Das Auto springt nicht an
Trotz aller Vorkehrungen springt euer Auto nicht an? Dann könnt ihr es mit einem Überbrückungskabel versuchen, dass ihr an ein anderes Auto anschließt. Dafür sind jedoch einige Vorkehrungen notwendig:

  • Überprüft ,ob die Batterien beider Fahrzeuge ungefähr die gleiche Spannung haben. Für gewöhnlich sind es 12 Volt. Die Spannung des Spenders sollte nicht viel kleiner sein als die eurer Batterie.
  • Schaltet bei beiden Fahrzeugen unnötige Energieverbraucher wie Heizung oder Radio ab.
  • Schließt das rote Kabel zuerst an den Pluspol des Empfängers und danach an den Pluspol des Spenderautos an.
  • Schließt nun das schwarze Überbrückungskabel an den Minuspol des Spenders und dann an ein Metallteil des Empfängers. Achtet aus Sicherheitsgründen darauf, das Kabel nie direkt an den Minuspol eurer Batterie zu klemmen.
  • Startet danach den Motor des Spenderfahrzeugs, und anschließend euren.

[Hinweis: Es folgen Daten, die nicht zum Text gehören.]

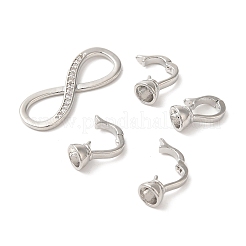 Messing Micro Pave klare Zirkonia Falte über Verschlüsse&nbsp;KK-A227-08P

  • Schaltet in eurem Fahrzeug vorsichtshalber einen oder mehrere Energieverbraucher ein, um drohenden Überspannungen vorzubeugen.

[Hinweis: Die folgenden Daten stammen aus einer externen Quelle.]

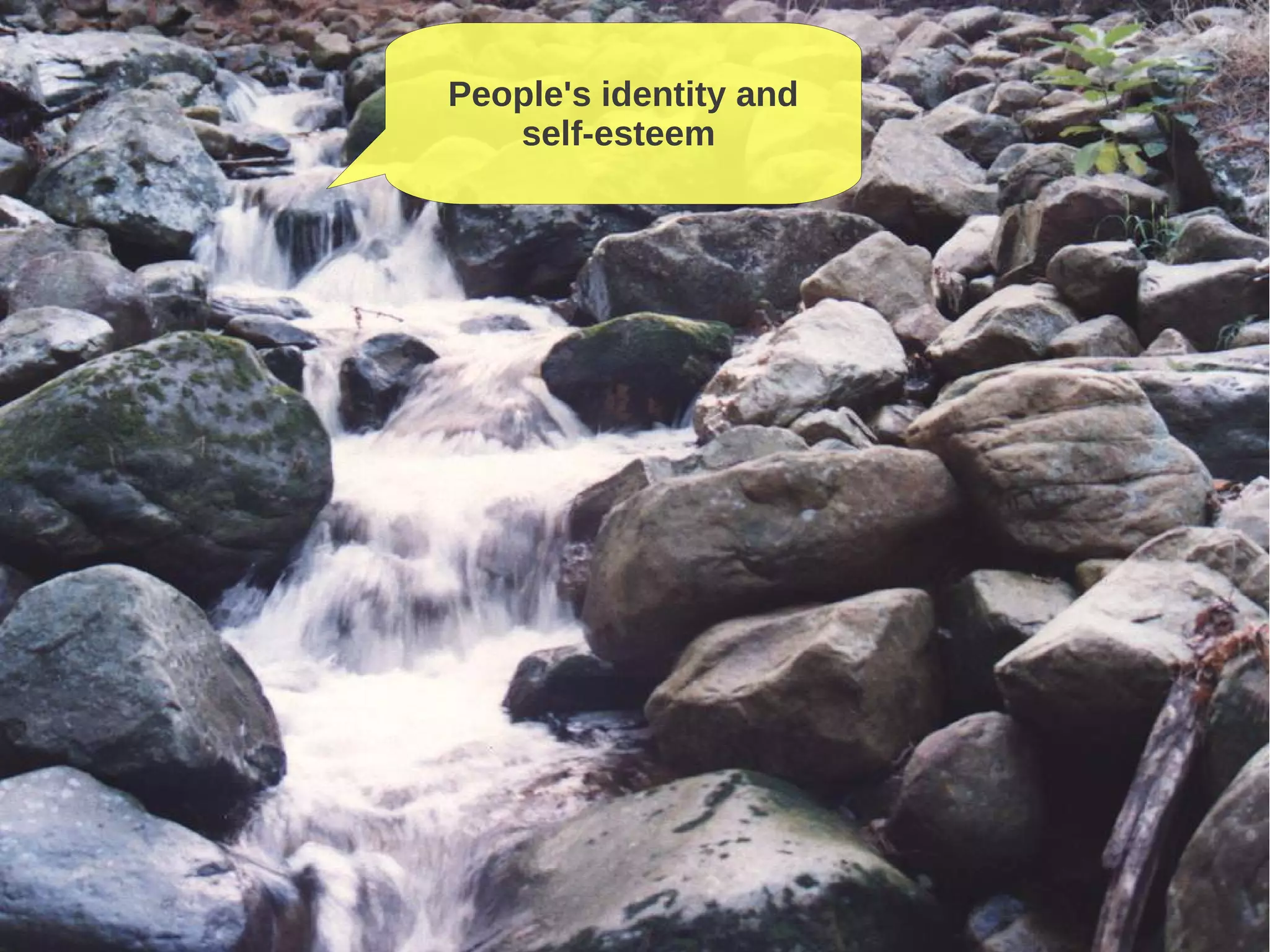 People's identity and
self-esteem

  • Wenn eure Batterie absolut leer war, dann lasst das Überbrückungskabel ca. 10 Minuten dran.
  • Das Entfernen der Kabel geschieht in umgekehrter Reihenfolge.
  • Schaltet anschließend die Energieverbraucher in eurem Auto wieder aus und fahrt ca. 1 Stunde mit dem Fahrzeug, damit sie sich die Batterie wieder komplett aufladen kann. Danach sollte, wenn alles gut gelaufen ist, euer Auto wieder startklar sein.

Wenn kein Übertragungskabel vorhanden ist, habt ihr immer noch die Möglichkeit, eurer Fahrzeug anzuschieben. Techniker und Fahrzeughersteller raten davon jedoch größtenteils ab. Zwar ist es leicht, einen Benziner anzuschieben, doch beim Diesel wird es schon schwerer und bei einem Automatikgetriebe ist es quasi unmöglich. Zudem könnte das Auto kaputt gehen, wenn die Ursache der Panne nicht bei der Batterie liegt. Denn beim Anschieben kann unverbrannter Kraftstoff in den Katalysator gelangen und dort Schäden anrichten.
Sind bei einer Panne keine Helfer in Reichweite, könnt ihr ein Taxi oder einen Automobildienst bestellen. Einige Unternehmen bieten die Pannenhilfe relativ günstig an und bringen euch bei Bedarf sogar in die nächste Werkstatt.

Frostschutz
Wischerblätter, die Füllung der Scheibenwaschanlage und das Kühlsystem müssen über ausreichend Frostschutz verfügen. Denn es ist sehr wichtig, dass ihr eine klare Sicht habt, besonders in der dunklen Jahreszeit.
Wenn ihr euch unsicher seid, wie viel Frostschutz ihr verwenden müsst, dann solltet ihr bei einer KFZ-Werkstatt einen Winterscheck durchführen lassen.
Aber nicht nur die Scheibenwaschanlage und das Kühlsystem können Probleme verursachen. Auch die Türen und Schlösser können im Winter schnell einfrieren. Ihr solltet jedoch nie versuchen, eure Türen mit Gewalt zu öffnen. Bei angefrorenen Türen können die Gummidichtungen rasch zerreißen und das würde eine teure und unnötige Reparatur bedeuten.